For my next upgrade, I'm looking at the B550 TOMAHAWK. There are a few reasons I'd like to upgrade my motherboard, but the one I'll mention here is that I have a case with a front panel USB type-C port, but my current B450 AORUS board doesn't support it. Having front panel USB type-C isn't a big deal for me, but having an unusable port really messes with me.

However, my current CPU is a Ryzen 5 2600X, so if I upgrade to a B550, I'll need to also upgrade the CPU. What is a reasonable upgrade path for me? I have a few options I'm considering, and I'm wondering if anyone can provide some feedback for me. I'd like to keep my upgrade at $500 or below. The cheaper the better, but I also want to get the best bang for the buck, so if the cheapest option doesn't provide the best value, I'm willing to go a little bit higher. Here are the combos I'm considering:
1. Ryzen 5 3600 + B550 TOMAHAWK (~$340)

2. Ryzen 5 3600 + X570 TOMAHAWK (~$500)

3. Ryzen 7 3700X + B550 TOMAHAWK (~$440)

As far as my computer usage goes, I'm an avid gamer who plays a wide variety of games from lightweight platforming side scrollers like Celeste to AAA titles like the upcoming Cyberpunk 2077 on a 1440p 144Hz monitor. I also do some video editing about once a week, and I record a podcast on my main system. My current GPU is a Gigabyte RTX 2070 Super, and I have 16GB of DDR4 3600MHz.
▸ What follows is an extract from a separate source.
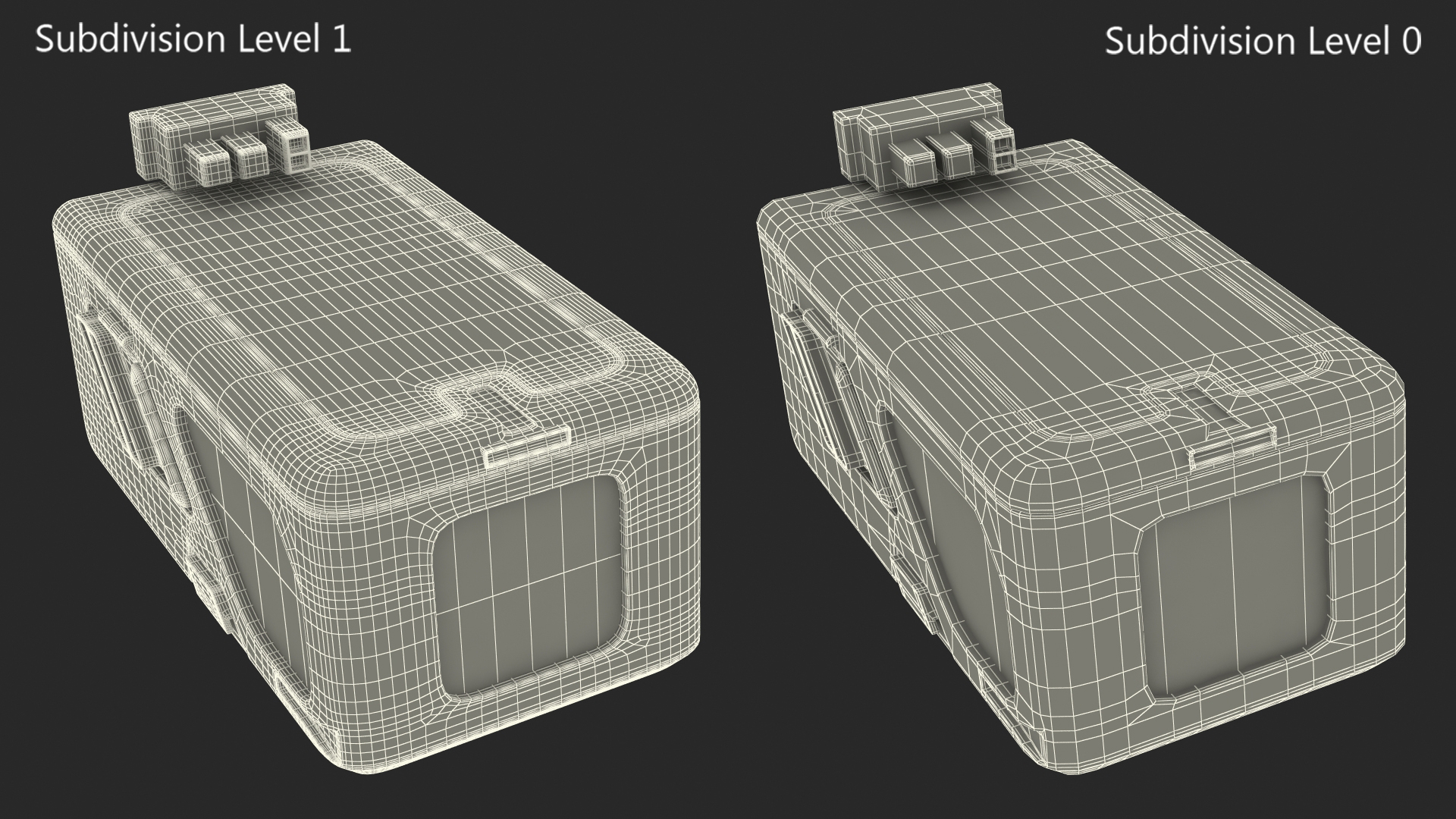 Battery for Drone 3D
How do these combos look? For my usage (also, I'm more likely to overclock my GPU and leave my CPU running at its out-of-the-box speeds), do you think the 3700X is too much of a chip for me, or would it be helpful since I edit video? Or is the 3600 sufficient to handle video editing?

Also, is the X570 board overkill for a 3600? If I choose the 3700X, will I need the X570?
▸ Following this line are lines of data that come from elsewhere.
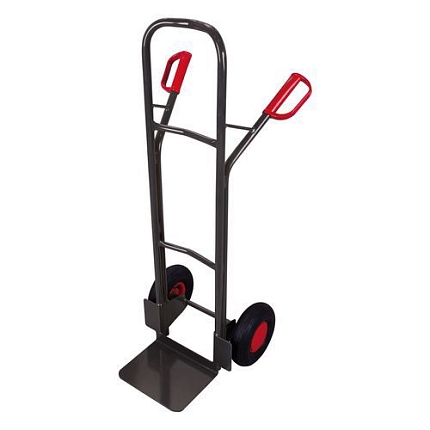 Rudl RU235, do 250 kg, 57 x 58,5 x 131 cm, s nafukovacími koly, šedý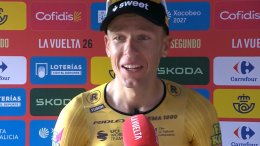 Tour d'Espagne - Tobias Johannessen : «Je ne m'y attendais vraiment pas»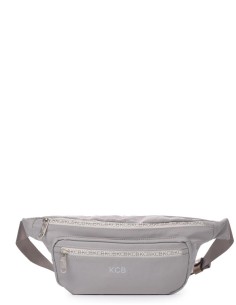 Bolsa de Cintura Cinzenta Vegana KCB - Combo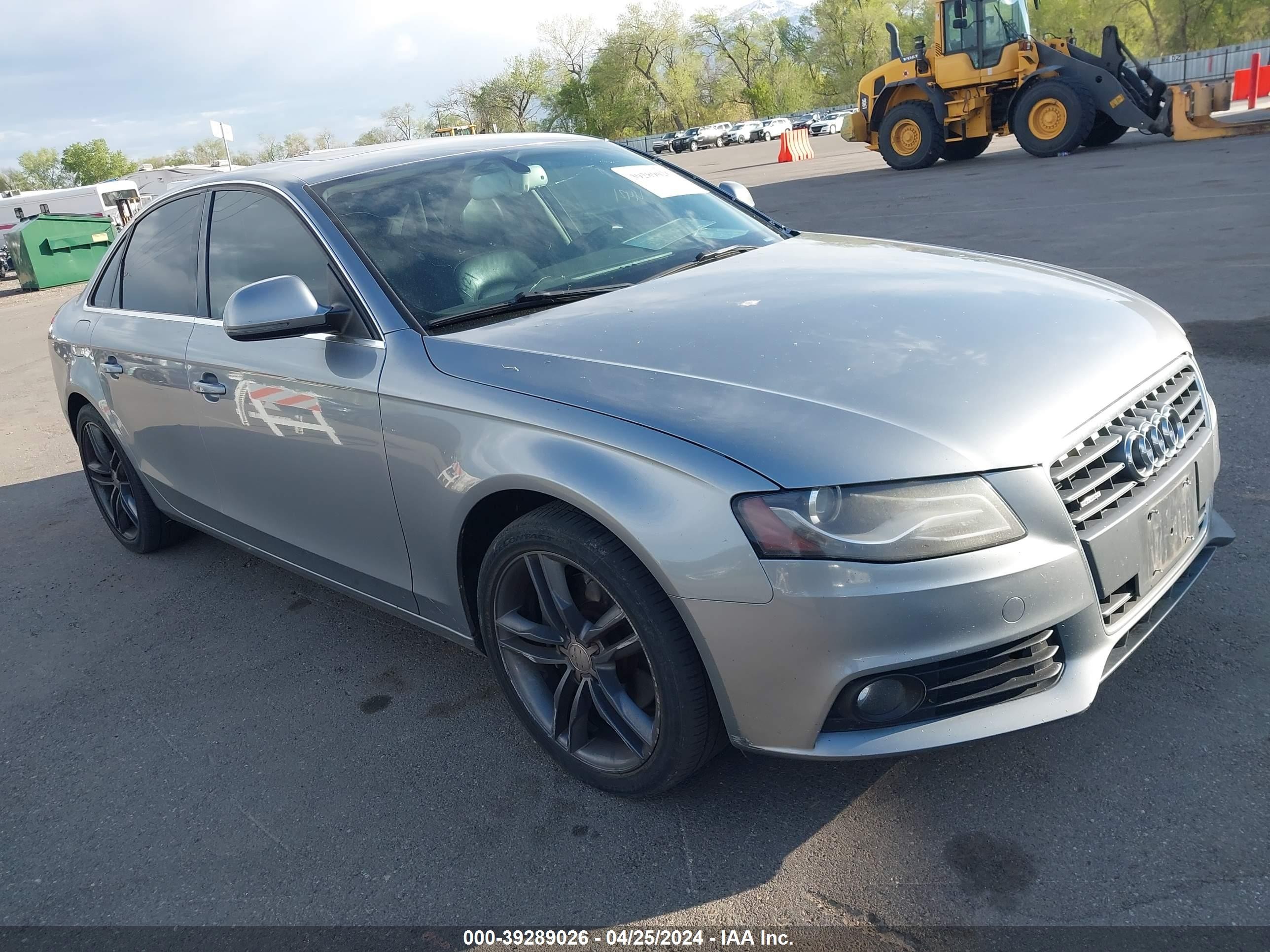 AUDI A4 2009 wausf78k69n024421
Or... Is this a bad time to think about upgrading, and am I better off waiting for Zen 3?

Comments

  • Main difference is going to be the X570 having full PCIe Gen4 support with general purpose, configurable lanes, versus the B550 having it, but in a more limited factor. It can support x4 PCIe Gen4 for NVME drives and this is probably the most practical application we've seen thus far. So, distant future proofing, or you need a lot of room to expand to add more PCIe devices or plan for multiple GPU's. Otherwise, you're going to be fine with the B550.

    As for what to go for, I would get the 3600X, but I think that's good pairing with your 2070 Super. It's going to perform well together, you don't have to worry about a bottleneck. The 3700X will increase your productivity performance in applications that can take advantage of the extra cores. You won't see much of a difference otherwise.
  • NateDZDNateDZD New Jersey

    Since my system is mostly for gaming (I mean, to be fair, it's mostly used for email, spreadsheets, Zoom meetings, and website admin for a university's website, but as far as what it's built to handle... let's just say gaming), and my minimal video editing is never gonna be any higher than 1080p, I probably won't reap the benefit of 8 cores over 6 cores, right?
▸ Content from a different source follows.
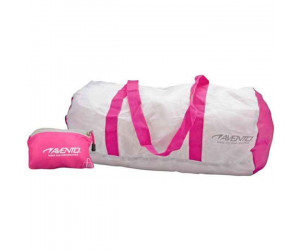 სპორტული ჩანთა AVENTO 50AH თეთრი-ვარდისფერი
    And the 3600X is a better value, you think? In your estimation, the 3600XT isn't worth the price jump, and the 3600 isn't worth the savings?

  • NateDZD said:

    Since my system is mostly for gaming (I mean, to be fair, it's mostly used for email, spreadsheets, Zoom meetings, and website admin for a university's website, but as far as what it's built to handle... let's just say gaming), and my minimal video editing is never gonna be any higher than 1080p, I probably won't reap the benefit of 8 cores over 6 cores, right?

    And the 3600X is a better value, you think? In your estimation, the 3600XT isn't worth the price jump, and the 3600 isn't worth the savings?

    You'll still get some benefit from the extra cores, the question is whether you think it's worth it. If you ever do more video editing or multi-threaded work in the future the extra cores would be nice, and as time goes on games are getting better at utilize more cores/threads so the 3700X could have better longevity. That said, we won't know until that actually happens, so I wouldn't base my decision purely around that. I would make my purchase based on what I believe my future use case will be. Either way, you'll get a performance increase over the 2600X. 

    The 3600 is the best value. The 3600X and 3600XT do not have enough performance increase to justify the price difference, at least at current pricing. I've seen the 3600X come down to $180 before which is only about $20 more then the normal 3600, in which case I might consider it, but even then it's only a 1-2% increase over the 3600. You'd never really notice. The 3600XT does have a unique place in the fact that it has some reasonable overclocking capabilities that the 3600/X don't have which can see some reasonable performance gains, but at that point you might as well just shell out the little bit of extra cash for an i5-10600k instead which will overclock better. I'd only get the 3600XT if you have a specific reason to really want to overclock on an AMD platform.